Time in current role: 2 years

Elle is an artist and photographer. Visit her website www.ellesorridente.com and follow her on Twitter @ElleSorridente

 

 

Why did you decide to start your business?

For me the journey to starting my own business was a relatively easy decision to make. Both my parents run their businesses and growing up in an entrepreneurial household definitely made the whole thing less scary and intimidating. Not that it is actually so, but I didn’t fear or doubt my choice to go it alone.

My degree is in fine art and after graduating it was a couple of years before I wanted to make work again. I left university feeling very disillusioned with the art world and like I didn’t know how to be myself within it. After some time away, working various jobs, building my graphic design skills and trying to figure things out, I realised how much I needed to be painting.

I slowly began to sketch again and investigate other ways of working and living as an artist that didn’t require a reliance on gallery space and funding applications. I found myself much more drawn to the idea of being a painter/illustrator and setting up my own online shop alongside trying to get my work into shops and galleries.

What are the key functions of your role?

At the moment I’m pretty much flying solo in all areas. I just moved with my partner to Brighton a few months ago, so for now we’re both working from the sitting room of our flat. He also runs his own 3D design business, so although we’re working on different things for our own businesses we support each other and get the ups and downs of being completely responsible for all areas of what we do.

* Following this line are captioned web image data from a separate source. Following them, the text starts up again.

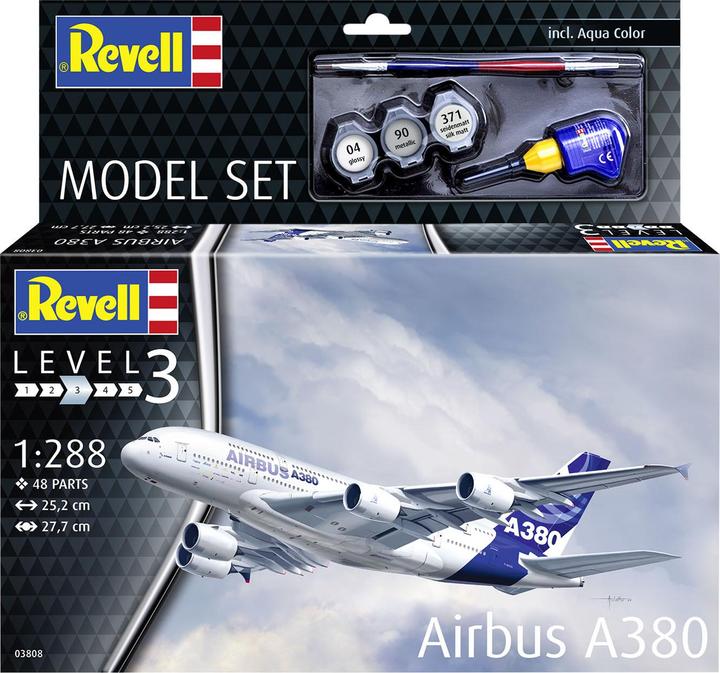 Immagine prodotto Revell Set di modelli Airbus A380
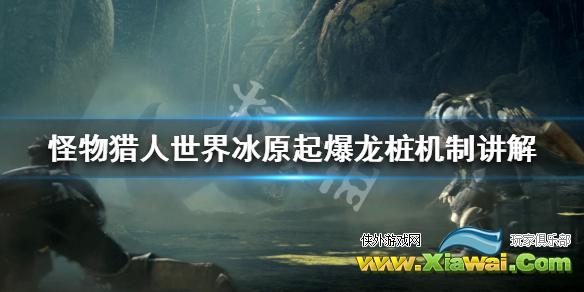 《怪物猎人世界冰原》起爆龙桩机制讲解 起爆龙桩操作技巧介绍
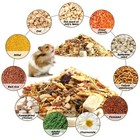Hamster   Gerbil Treat  Natural Health  Gourmet Hamster And Gerbil Food For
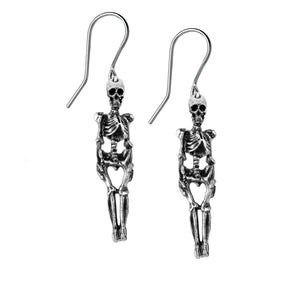 Skeleton Earrings by Alchemy Gothic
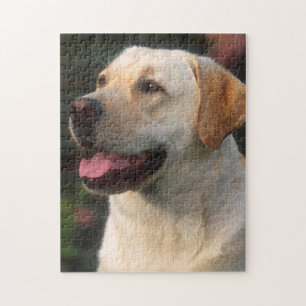 Hilton, portret van Labrador Retriever Legpuzzel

We’re both on a huge and constant learning curve but we’re on it together and often discover things that are useful for each other, even though we operate in very different creative fields. Also it’s always really good having another pair of eyes to hand.

Clients can be very different from project to project but my rule of thumb is whenever possible have a face-to-face meeting and ask lots of questions. The more you know the client the better equipped you are. I always follow up every meeting with a summary email to recap and make sure I haven’t missed or misunderstood anything. This is also an opportunity for clients to change details before I make a start.

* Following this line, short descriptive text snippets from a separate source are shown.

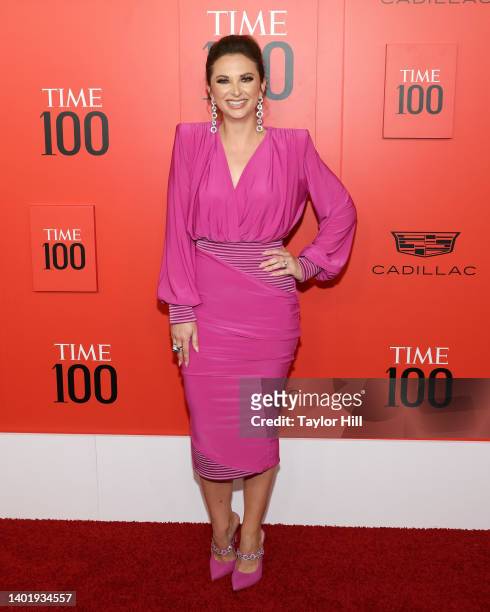 Lauren Zima attends the 2022 Time 100 Gala at Frederick P. Rose Hall, Jazz at Lincoln Center on June 08, 2022 in New York City.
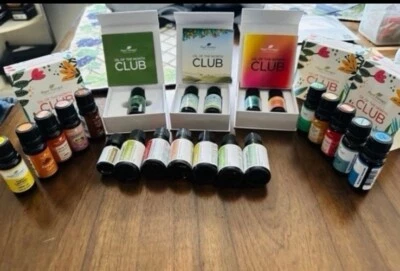 Lote (22) Aceites Esenciales Plant Therapy/Simply Earth Foto 1 de 4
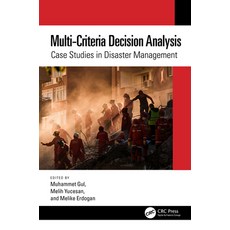 (英文圖書) Multi-Criteria Decision Analysis: Case Studies in Disaster Management 平裝版, CRC Press, 英文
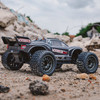 ARRMA ARA4105SV4T2 1/10 VORTEKS 4X2 MEGA 550 Brushed Stadium Truck RTR Black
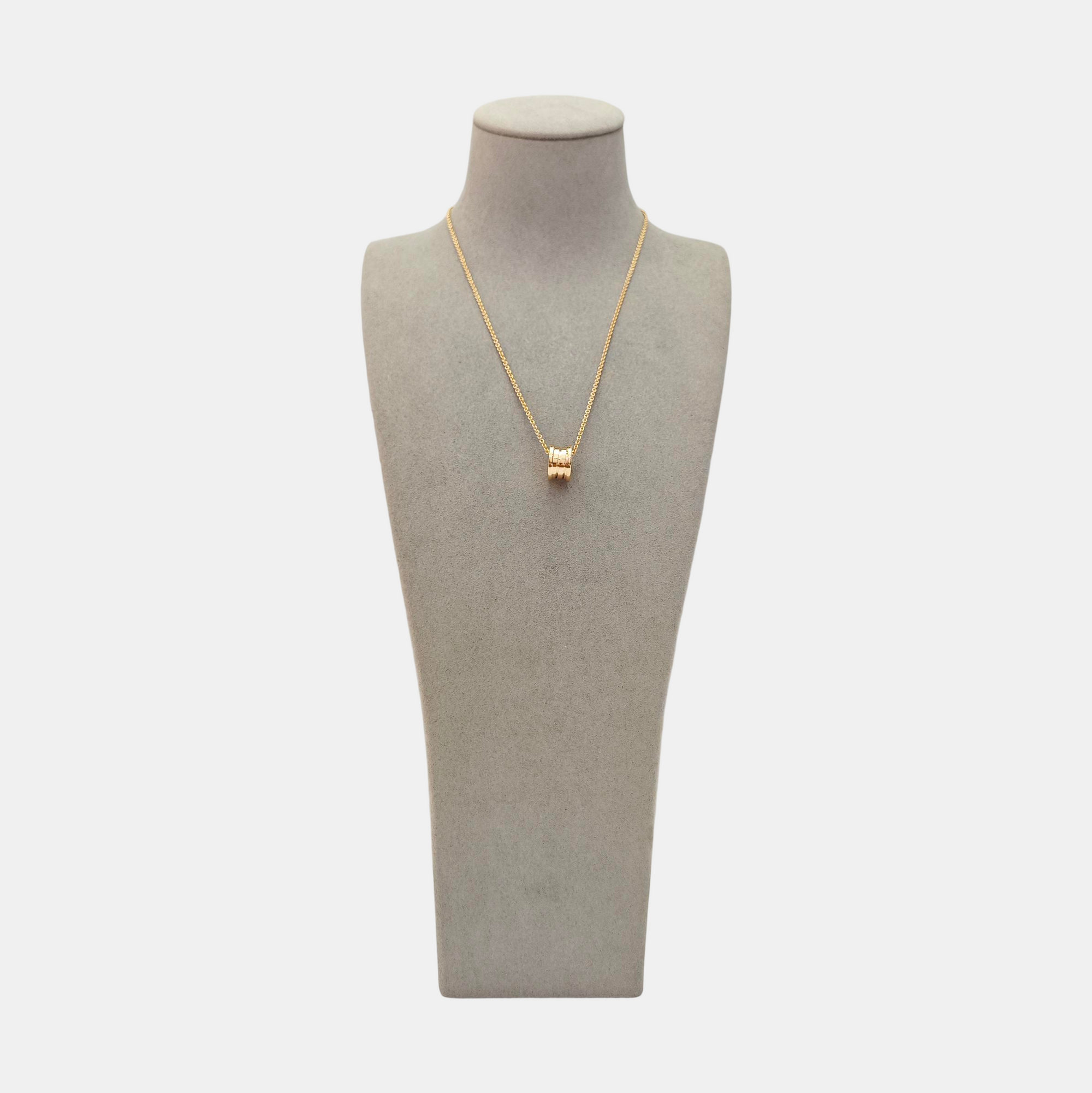 B.ZERO1 18k Rose Gold Necklace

Talk us through your typical working day

At 7am the alarm goes off, one of us will make coffee (strong and unadulterated) and I’m straight into my social media routine. I try and get all my promotional posts out for the day before 8am to catch all the breakfast/commuter traffic then I usually spend another half an hour checking various sights and blogs, and reposting anything interesting. Then it’s shower, breakfast, another coffee at my desk and a quick read of blogs and sites that inspire me before I crack on with whatever project I have on that day.

I like to split my week between painting and making work on Monday, Tuesday and Wednesday – and then do all the admin, test printing and online jobs on Thursday and Friday. This is partly because I’m fresh and inspired at the beginning of the week but it also allows me to create content to put out over the rest of week.

I tend to break for lunch at around 1pm for an hour – maybe eat outside if the weather is good and then get back to work. A couple of nights a week I train capoeira so I’ll finish earlier on those days at around 6.30pm. Other days I go to the gym at about 3.30pm and then get home and work through until around 8pm when one of us will cook, then do some sketching on the sofa followed by some yoga.

For me exercise and yoga are essential. I’m a very physical person and the only way I can sit and sink into that zen-like meditative state to paint is if I’m regularly releasing a load of energy. It’s my way of grounding myself. What I do can be quite isolating and I can disappear into my own world very easily so it’s important to have things that take me outside of myself and bring me back into the real world.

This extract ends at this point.